Dem Behördenmitarbeiter dient die Digital-City-Plattform als digitale Arbeitsumgebung: Er kann jederzeit auf alle laufenden Vorgänge zugreifen, die er betreut. (Bild: BCT Deutschland GmbH)

Fazit

Wie in der Geschäftswelt wachsen an Städte die Anforderungen, ihre Konzepte an den digitalen Wandel anzupassen. Ihre Arbeitsweisen und Services sollen zeitgemäß sein. Wichtiger Bestandteil sind dabei neue Plattform-Technologien. Sie ermöglichen die einfache Interaktion und die schnelle Kommunikation zwischen Behörden, Bürgern, Unternehmen und Organisationen als Social Community.

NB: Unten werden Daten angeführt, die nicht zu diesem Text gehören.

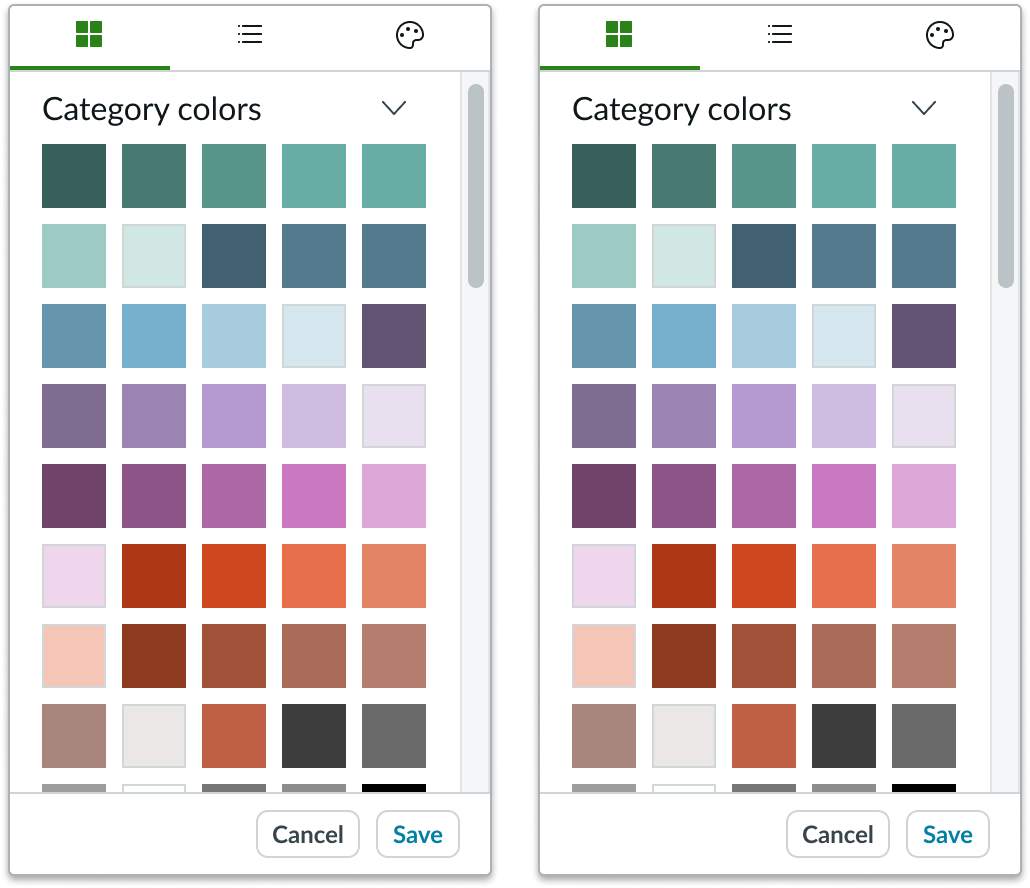 color picker palette view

Über eine Digital-City-Plattform können Bürger bei Unternehmen unkompliziert Dienstleistungen online anfragen oder beim stationären Handel über ein integriertes Shop-Modul Produkte einkaufen. Ein zentraler Bestandteil des Webportals sind außerdem digitale Bürgerservices: Sie bilden nach außen eine digitale Anlaufstelle, über die Bürger ihre Anfragen und Anliegen benutzerfreundlich jederzeit an die Behörde weiterleiten können; innerhalb der Verwaltung stehen sie für eine technologische Arbeitsumgebung, in der Mitarbeiter einen transparenten und schnellen Zugriff auf alle, für die Bearbeitung eines Vorgangs relevanten Informationen haben. Durch eine smart agierende Verwaltung mit effizienteren internen Prozessen, größerer Transparenz und schnellen Reaktionszeiten schaffen Städte eine wichtige Grundlage für zufriedene Bürger und eine erfolgreiche Wirtschaft.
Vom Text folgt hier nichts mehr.